Editor's note: This post contains graphic language.
Back when he was a judge, St. Louis Public Safety Director used a homophobic slur to chastise a rapist at sentencing, a newly resurfaced transcript shows.
The defendant in the 2005 case, Anthony Carroll, had been found guilty of robbing and sodomizing his victim at gunpoint. In emotional testimony, the victim recalled how Carroll repeatedly called him a "faggot," telling the man he deserved what was happening to him. The man testified that Carroll warned him not to tell anyone about the forced oral and anal sex, because "he would kill me because he didn't want anyone to know he was a fag like me."
At sentencing, Edwards — then a St. Louis Circuit Court judge — kept his comments brief. But the language was shocking.
Mr. Carroll, during the trial, I was baffled during cross-examination. The prosecutor asked you whether you were a homosexual and you were upset. You told him no. I believe your words were you were not a fag. I've consulted some of my friends that are homosexuals and they want me to let you know, whether or not you're the giver or the givee, if you have forced a heterosexual man to suck your penis and you're so gratified that you take him and put him in the bed and have anal sex with him, you are a fag.
Edwards then sentenced Carroll, who was 40 at the time, to 160 years in prison. The 54-year-old is currently serving his term at Southeast Correctional Center in Charleston.
In an interview this afternoon, Edwards apologized for using the slur, describing it as "unfortunate" and "definitely inappropriate." He says he was upset by what Carroll had done and chose his words poorly.
"I thought what he did was terrible," Edwards says. "I think today, I absolutely would not use the word, but it was a word the defendant had used. I repeated the word the defendant had used."
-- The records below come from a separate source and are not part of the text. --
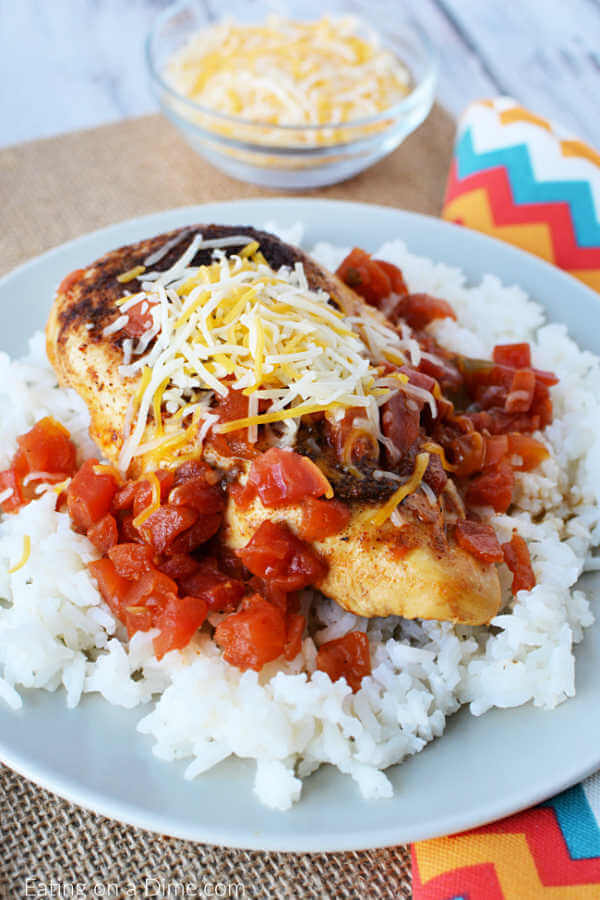 Tex Mex Chicken Skillet Recipe is so easy to make and has tons of southwestern flavor.  Enjoy with rice for a quick meal in 20 minutes your family will love.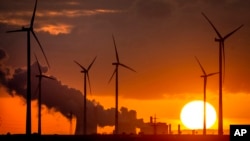 FILE -- Steam rises from the coal-fired power plant near wind turbines Niederaussem, Germany, as the sun rises Nov. 2, 2022.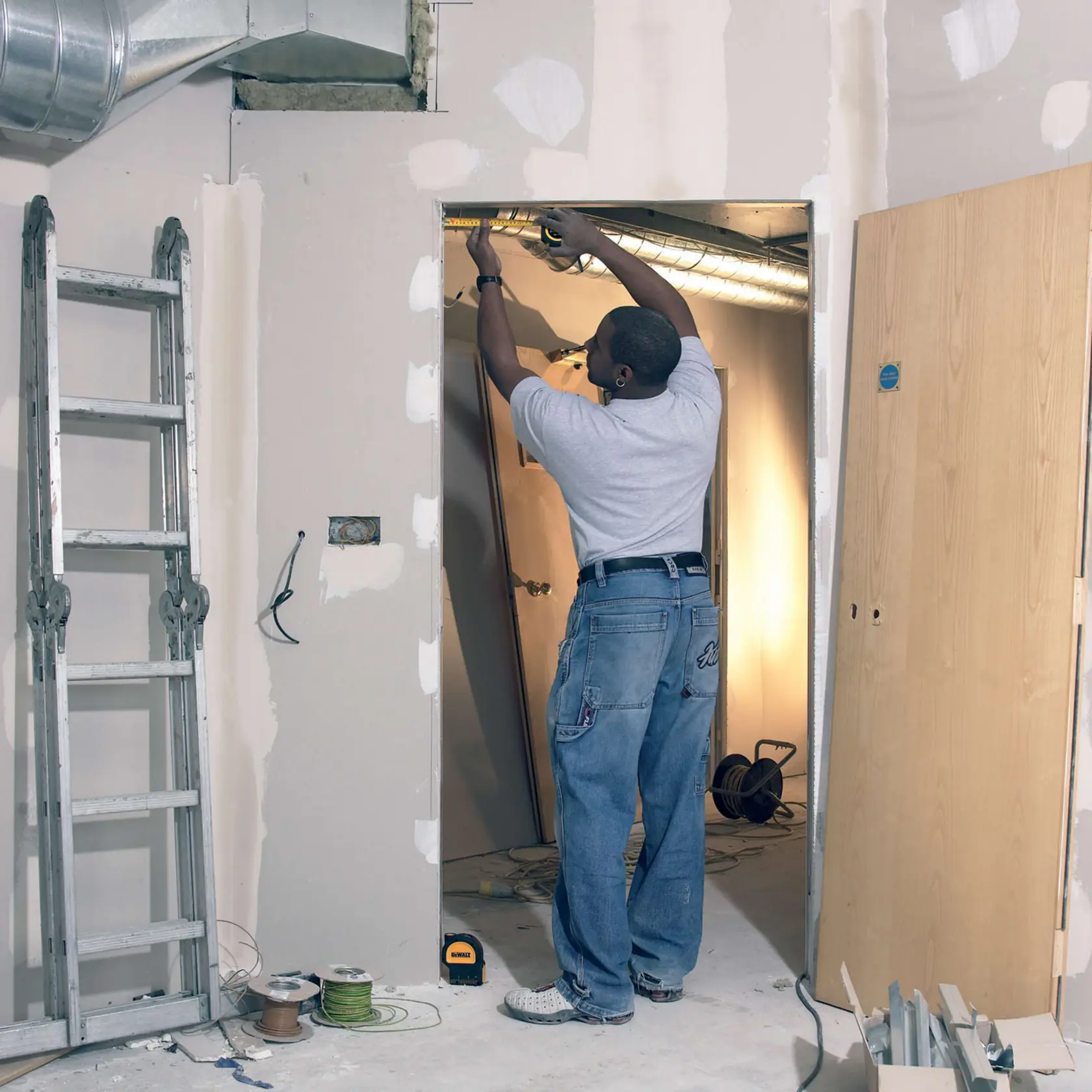 Cross line and plumb spots laser being used by a person.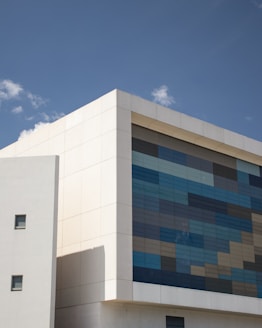 white and blue concrete building under blue sky during daytime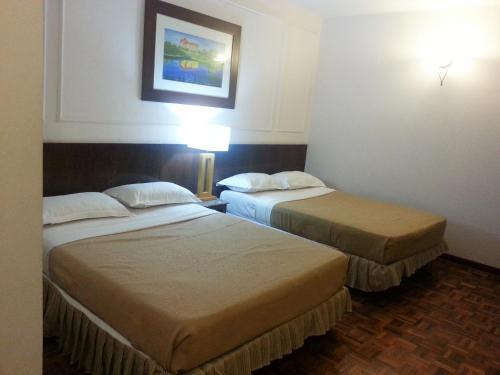 Tempat tidur dalam kamar di A Famosa Resort Melaka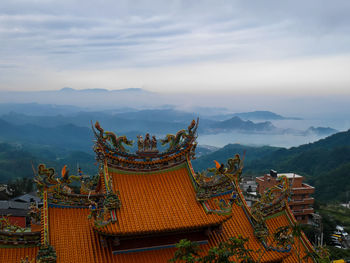 Temple by building against sky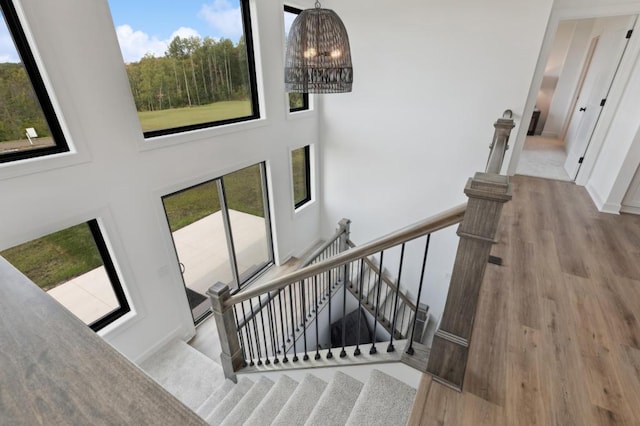 staircase featuring wood finished floors, a chandelier, and a towering ceiling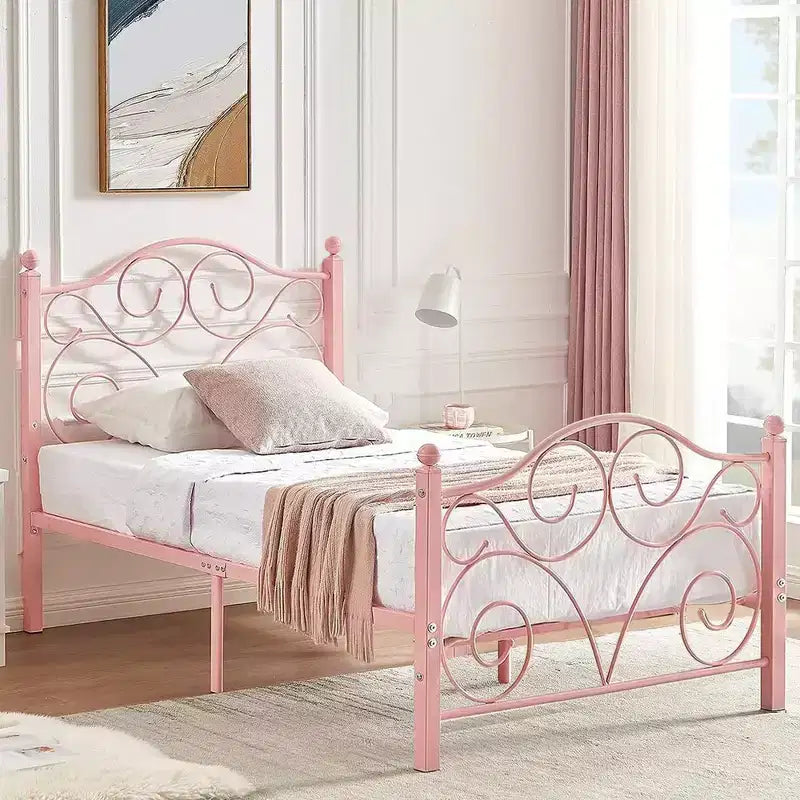 Struttura letto in metallo a volute con testiera e pediera
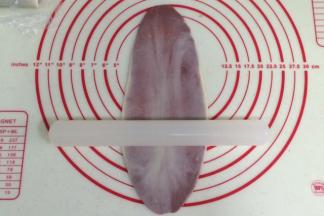 取一份包好的油酥皮，用擀面杖从中间往上往下各擀一下，不要反复擀，成牛舌即可。（油酥湿度够的话，就很容易擀开且不会出现白头，若有白头，也可以选择切掉白头的部分）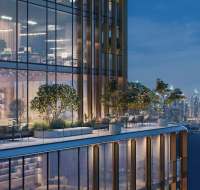 Glass-fronted building with a shared outdoor patio, captured during the evening with lights visible inside and across the water.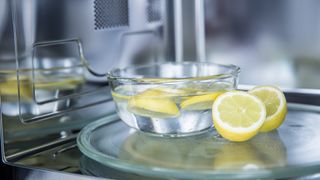 A bowl of lemons in a microwave to demonstrate a steaming kitchen cleaning hack for microwaves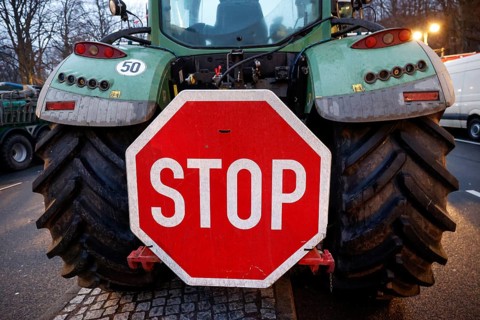 Large stop sign on a tractor. Thousands of farmers demonstrate with their tractors against the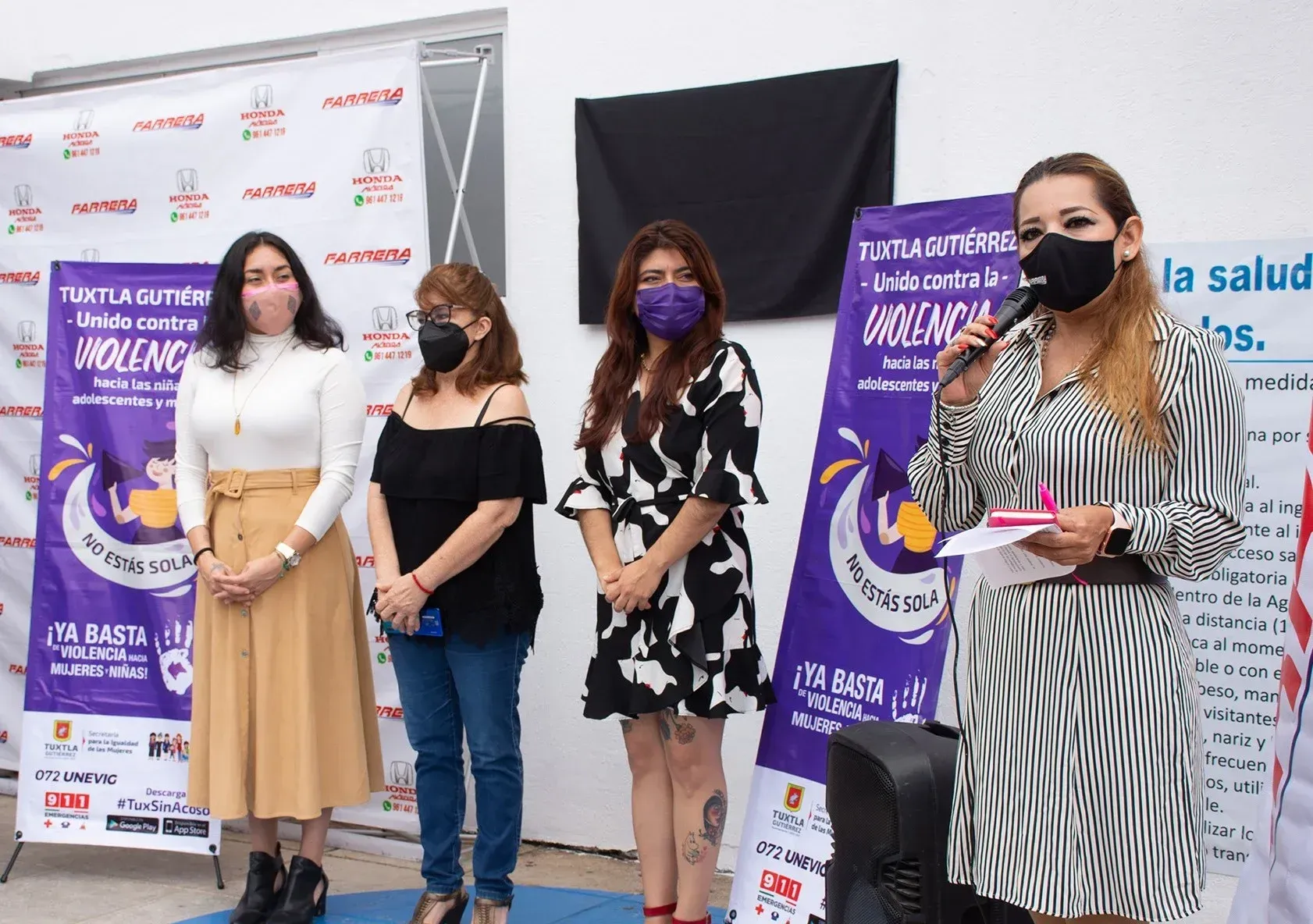 Cuatro personas con mascarillas faciales permanecen de pie en el escenario junto a pancartas moradas del evento.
He insists it is not a word he uses, and only used it then in the context of the case.
He says his track record, which includes overseeing the first adoptions to same-sex couples in the state and becoming the first judge in the city to perform same-sex marriages, demonstrates his respect for the LGBTQ community.
Even so, the fourteen-year-old transcript is now coming back to haunt the former judge as he takes a lead role in navigating separate scandals within the St. Louis police department, which he oversees as public safety director.
Earlier this month, a Philadelphia organization called the Plain View Project released screenshots of bigoted and otherwise disturbing Facebook posts made by dozens of former and current police officers in St. Louis. The department was one of eight across the country targeted by project.
In response, Edwards and Mayor Lyda Krewson have promised a thorough investigation, as well as sensitivity training. Activists had hoped for something more decisive from city leaders (and the city's circuit attorney, Kim Gardner, has forced their hand a bit by saying she'll no longer accept cases from those officers).
In recent days, the transcript from Carroll's trial began to circulate online with an excerpt of Edward's statement. On Instagram, the Close the Workhouse organization — a group dedicated to shutting down the city's notorious Medium Security Institution — posted screenshots of the police officer's Facebook posts followed by the excerpt of the 2005 transcript.
"Saint Louis, These are the officers making the arrests that land people in the Workhouse," the post read. "And this is the person giving them sensitivity training."
Edwards says he has shown himself throughout his career to be unbiased and there should be no concerns regarding the investigation into the officers' posts.
Krewson released the following statement in regards to Edward's sentencing comments:
This is something that Judge Edwards is addressing. As I understand it, the comment was made as part of a sentencing hearing 16 years ago. I know Judge Edwards as a very fair-minded, impartial person.
He was the first judge in the state to grant same-sex adoptions (2007), and the first judge in the City to grant same-sex marriages.
His actions in support of the LGBTQIA community support his fair and impartial nature.
The public safety director and mayor have worked in recent weeks to persuade Pride St. Louis to reverse a decision to ban uniformed cops from marching in this year's Pride Parade. The organization had originally said it was dropping officers from the celebration to honor the Stonewall riots, an uprising that began when New York City cops raided the famed gay bar and fed-up patrons fought back.
On Tuesday, Edwards and Krewson held a news conference with Pride members at City Hall to announce uniformed officers would be allowed to march after all.
"Many of our police officers in the city of St. Louis will fall into the category of LGBTQI-plus and some in the trans community," Edwards said during the news conference. "We support our police officers, and I am elated that they will have the opportunity to participate in uniform."
On a post about the announcement on Pride's Facebook page, the comments were peppered with the image of the transcript excerpt.
Edwards says he is taking responsibility for what he now describes as an error in judgment.
"If you make a mistake fifteen years ago, or however long ago it was, you ought to apologize," he says.